Thursday, August 29, 2024

Badminton

Badminton (pronounced bad-min-tn)

(1) A racquet sport played on a rectangular (at competitive level, always indoor) two players or two pairs of players equipped with light rackets used to volley a shuttlecock over the high net dividing the court in half.

(2) A drink made with a mix of claret, soda water and sugar (also as badminton cup).

(3) A small village and civil parish in the south-west English county of Gloucestershire (initial upper case).

(4) A community in the Glyncoed area, Blaenau Gwent county borough, Wales, UK.

(4) Among the young of Hong Kong, a euphemism for sexual congress.

1873-1874: The game was named after Badminton House, the country seat of the dukes of Beaufort in Gloucestershire (now associated with the annual Badminton horse trials).  The derived terms include badminton court, badminton racquet and badminton ball.  The locality name was from the Old English Badimyncgtun (estate of (a man called) Baduhelm), which deconstructs as the personal name Bad (possibly also found in the Frankish Badon) + helm (from the Old English helma (helm, tiller)+ -ing (from the Middle English -ing, from the Old English –ing & -ung (in the sense of the modern -ing, as a suffix forming nouns from verbs), from the Proto-West Germanic –ingu & -ungu, from the Proto-Germanic –ingō & -ungō. It was cognate with the Saterland Frisian -enge, the West Frisian –ing, the Dutch –ing, The Low German –ing & -ink, the German –ung, the Swedish -ing and the Icelandic –ing; All the cognate forms were used for the same purpose as the English -ing)).+ -tun (used here to refer to “a place”).  Among players in England, the sport is sometimes referred to with the slang “badders”.  Badminton & badmintonist are nouns; the noun plural is plural badmintons.
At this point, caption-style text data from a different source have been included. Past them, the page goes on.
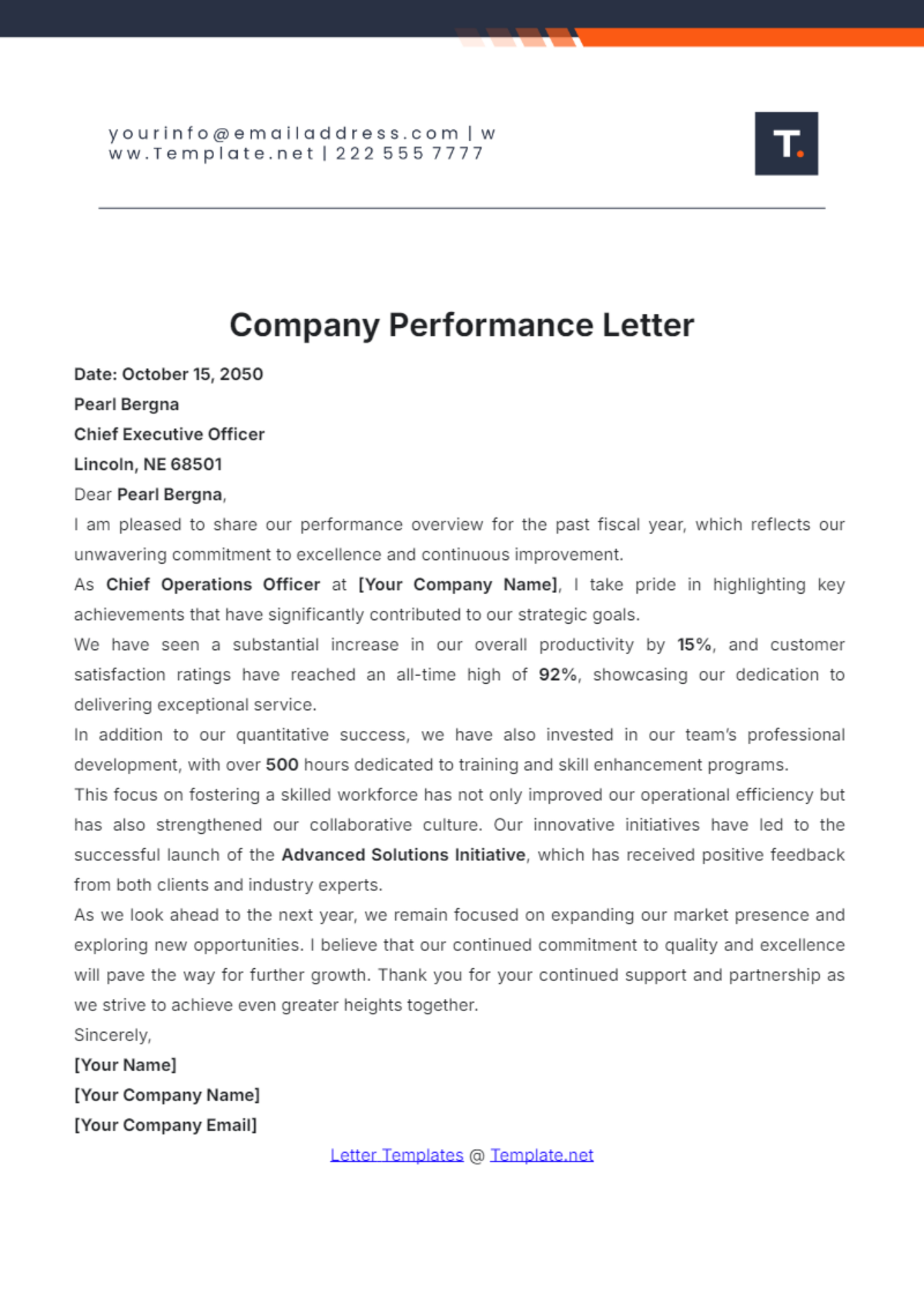 Company Performance Letter Template - Edit Online & Download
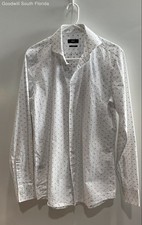 Boss Hugo Boss Mens White Blue Polka Dot Slim-Fit Dress Shirt Size 15 1/2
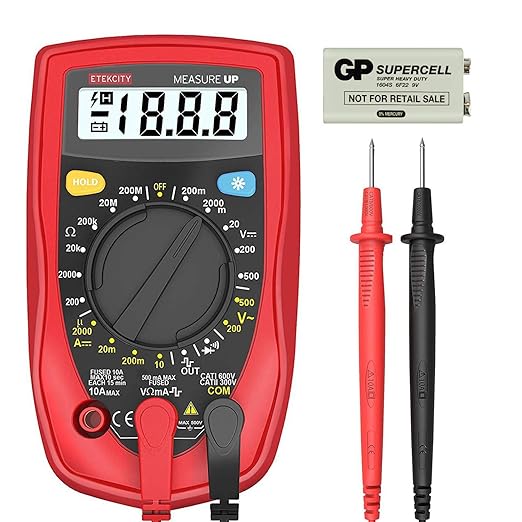 Etekcity Digital Multimeter, AC DC Voltmeter Amp Volt Ohm Current Meter, Electrical Voltage Outlet Circuit Tester With Continuity Resistance Diode Test ,Two Build-In Ceramic Fuses, Red, MSR-R500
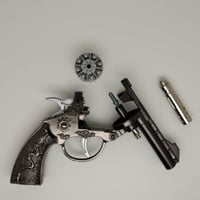 مسدس محاله ربع حديد مع كاتم اسود رمادي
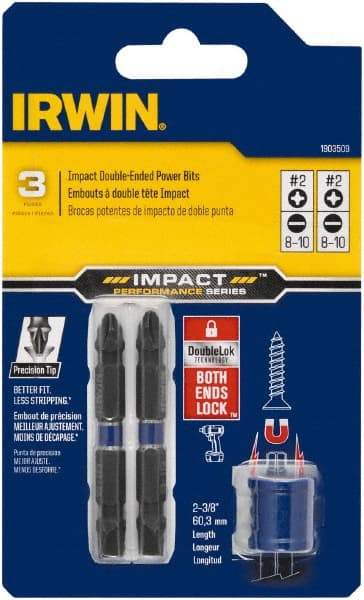 Irwin - 3 Piece, Phillips, Slotted Handle, Double End Bit Set - No. 2 Phillips - USA Tool & Supply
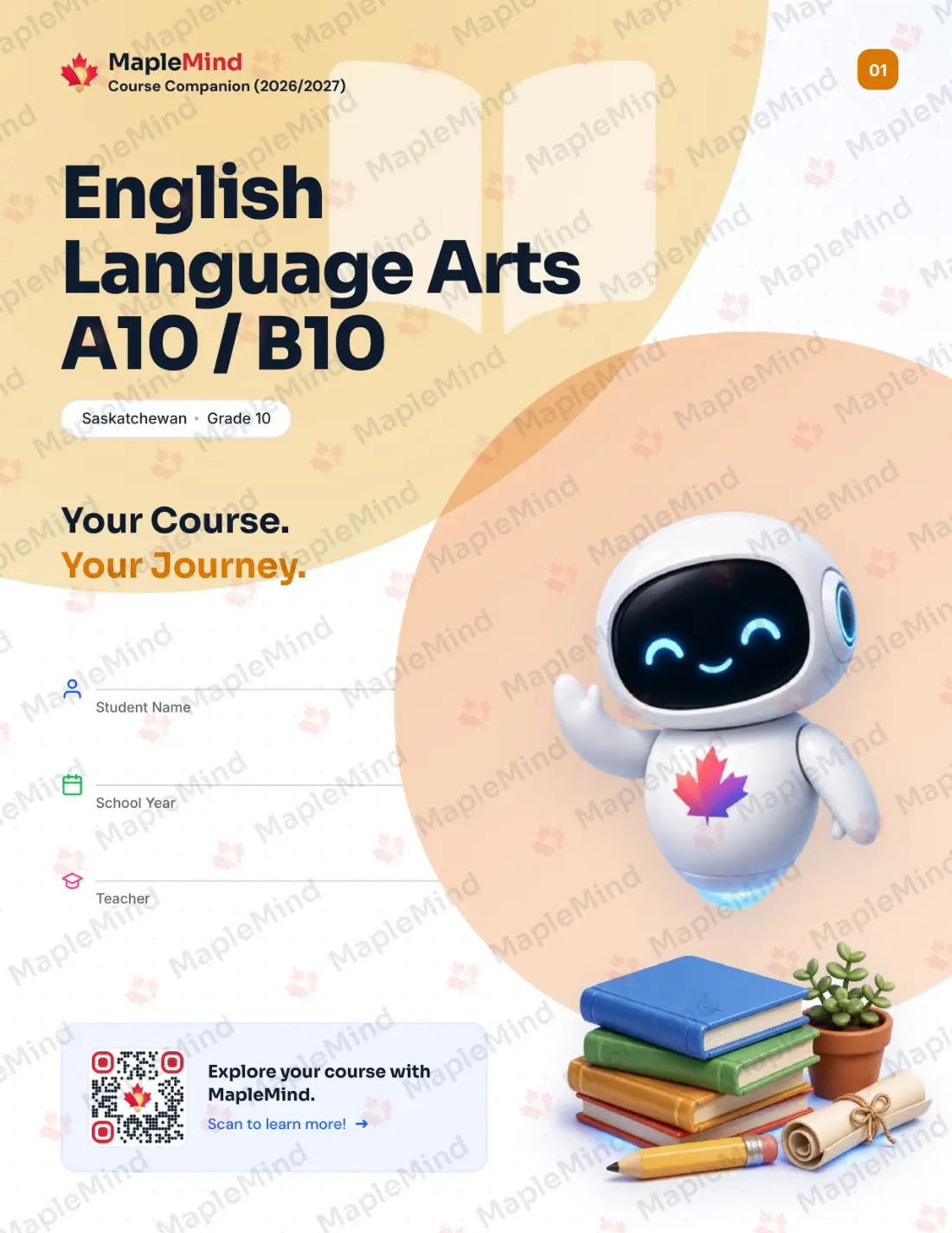 Page 1 of 33 from the English Language Arts A10 / B10 Saskatchewan Course Companion — workbook cover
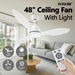 Ceiling Overhead Fan with Light Remote Control Cooling Air Ventilation LED Lamp Quiet Electric White Modern Indoor 3 ABS Blades 5 Speed Timer 122cm. Available at Crazy Sales for $179.96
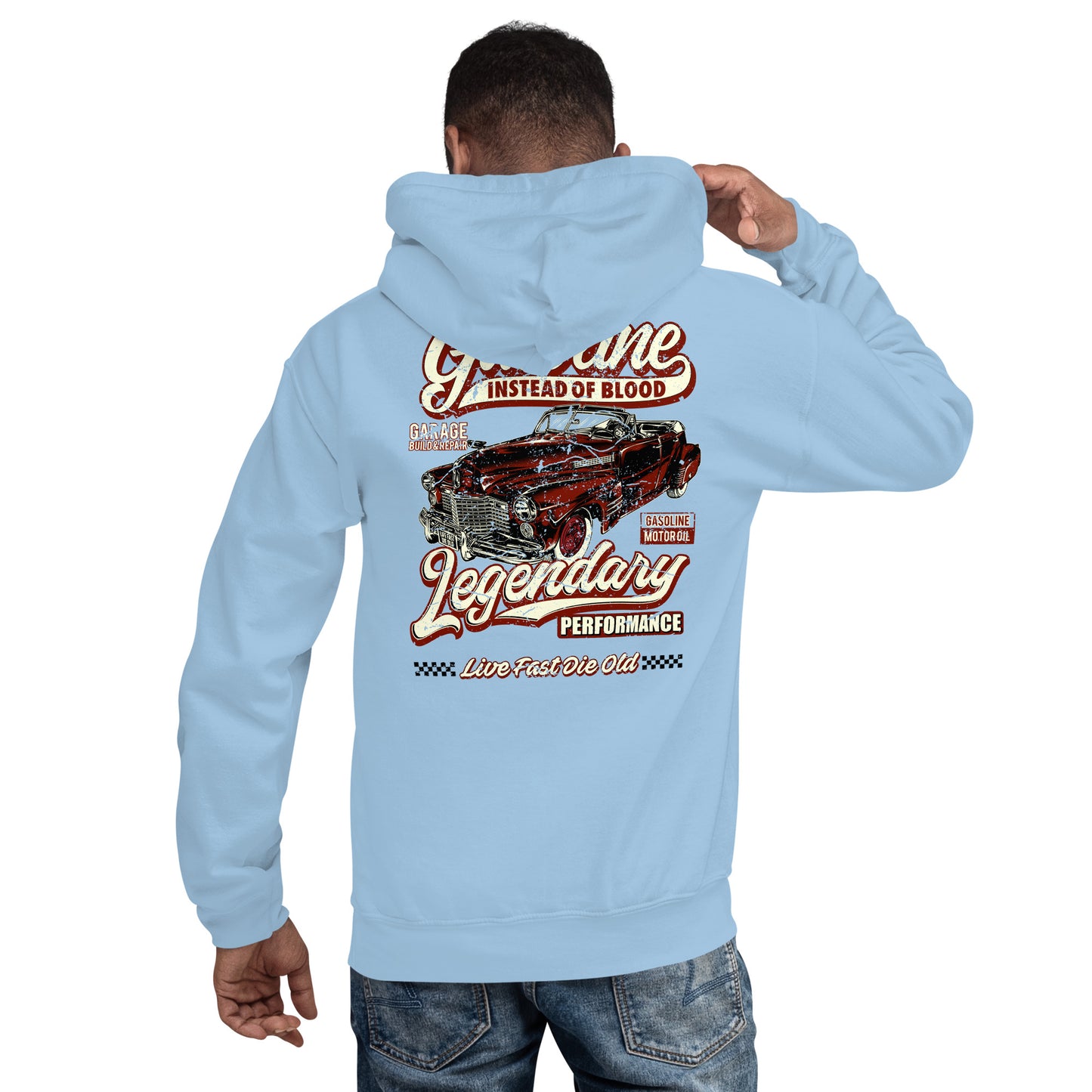 Gasoline instead of blood Hot Rod V, unisex hoodie, hooded sweater, printed on the back, S - 5XL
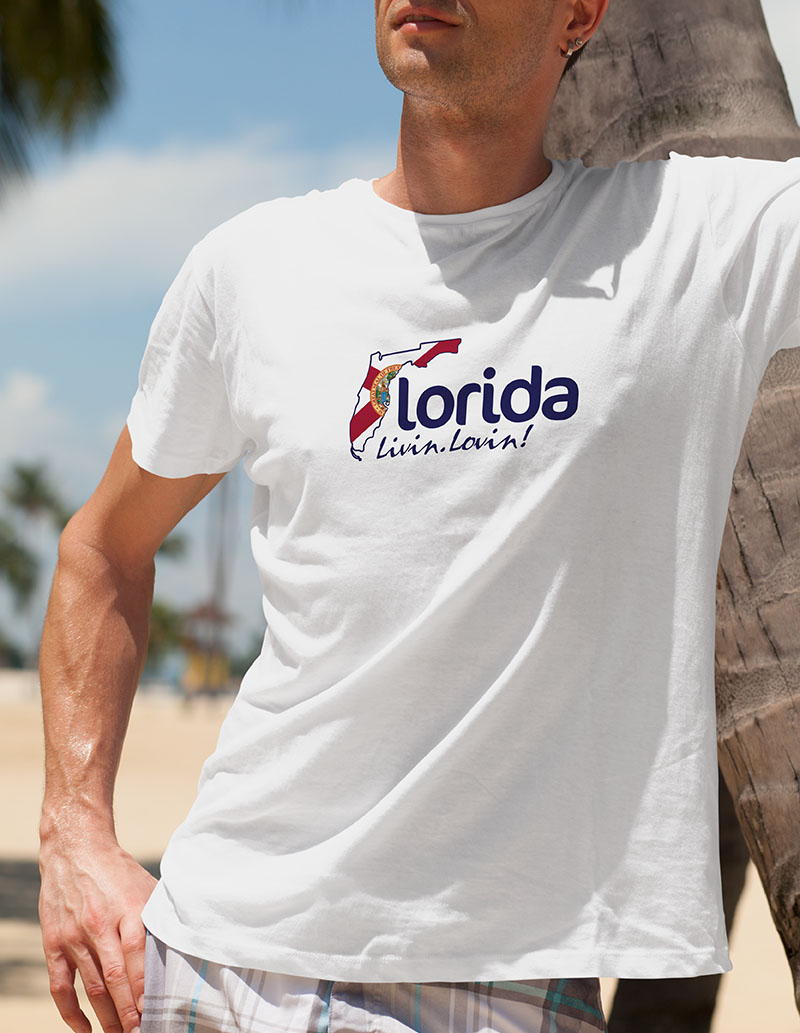Florida Flag Livin Lovin Local Shirt Beach White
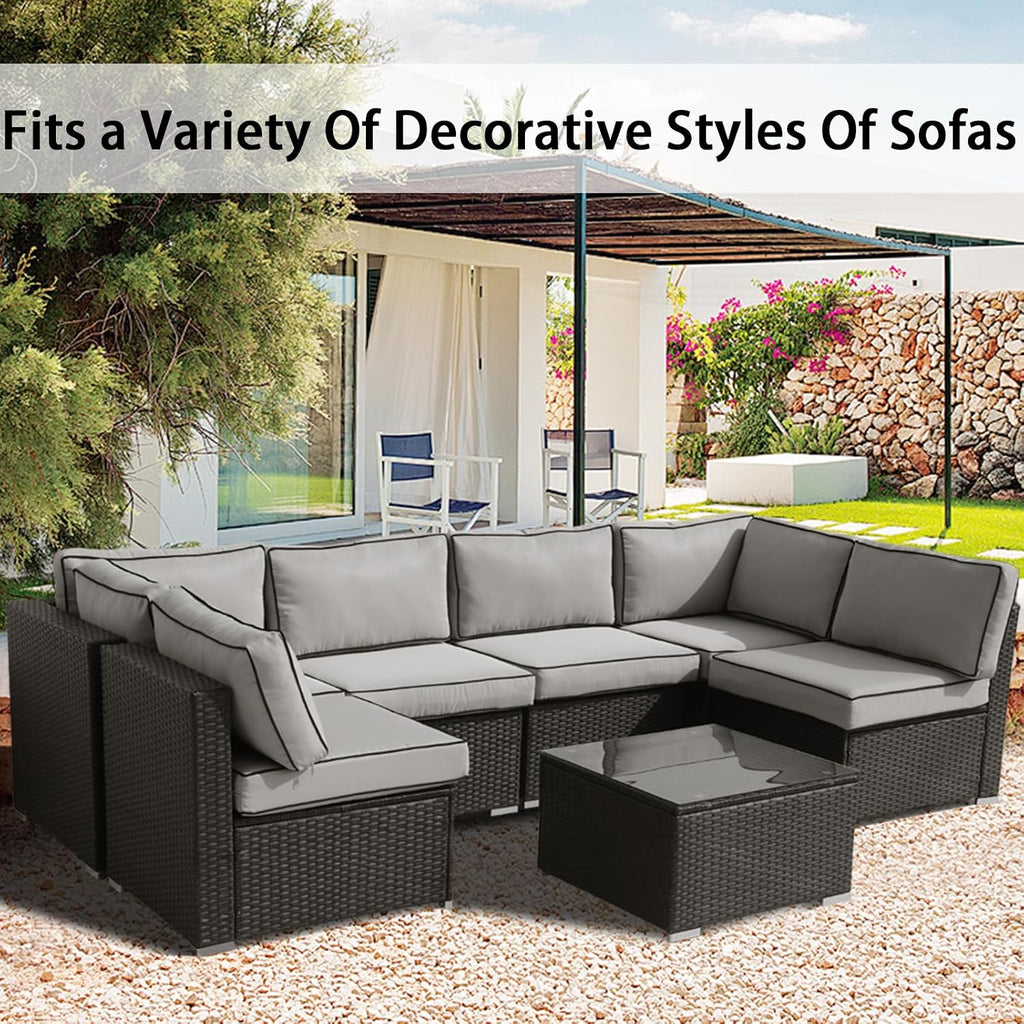 14Pieces Patio Cushion Covers Replacement Outdoor Couch Covers Splashproof UV-Resistant Furniture Cushion Sofa Slipcovers Set with Zippers,Cover Only 25×25×3.15inch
Badminton racquets (racket in US use) use the same design as tennis racquets but are of lighter construction and not as tightly strung.

Games using shuttlecocks (the designs having variations but all using deliberately “anti-aerodynamic” properties to dissipate the energy carried in flight) are known to have been played for at least centuries across Eurasia, the attractions including the game not putting a premium on physicality (women at comparatively little disadvantage because the effect of fluid dynamics on the shuttlecock negated much of the power of inherently stronger men) and there being no need for a truly flat, prepared surface.  The recognizably modern game of badminton evolved in the early-mid nineteenth century and was something of a cult under the Raj, played by expatriate British officers of the Indian Army, both the polo crown and those unable to afford the upkeep of ponies.  It was a variant of the earlier games “shuttlecock” and “battledore” (battledore an older term for “racquet”).  The history of the sport’s early days is murky and it’s not clear if the first games in England really were played at Badminton House, the Duke of Beaufort’s country estate in 1873-1874 but it seems it was from then the game spread.  The apparently inexplicable “badminton ball” (the game played with a shuttlecock) is accounted for by the fame once being played using a soft, woolen ball and called “ball badminton”.

Among the first players at Badminton House were soldiers returning from their service under the Raj and just as they took English habits and practices to India (for good and bad), upon returning they brought much from the Orient, including their sport.  Under the Raj, it had been played outdoors and when it was wet or windy, the woollen ball was often used but the principle was essentially the same as the modern game except nets weren’t always used and there was sometimes no concept of a defined “court”, the parameters established by the players’ reach and capacity to return the shot from wherever the ball or shuttlecock was placed; what was constant was that if the shot hit the opponent’s ground, the point was won.

Standard dimensions of shuttlecocks used in officially sanctioned competitions.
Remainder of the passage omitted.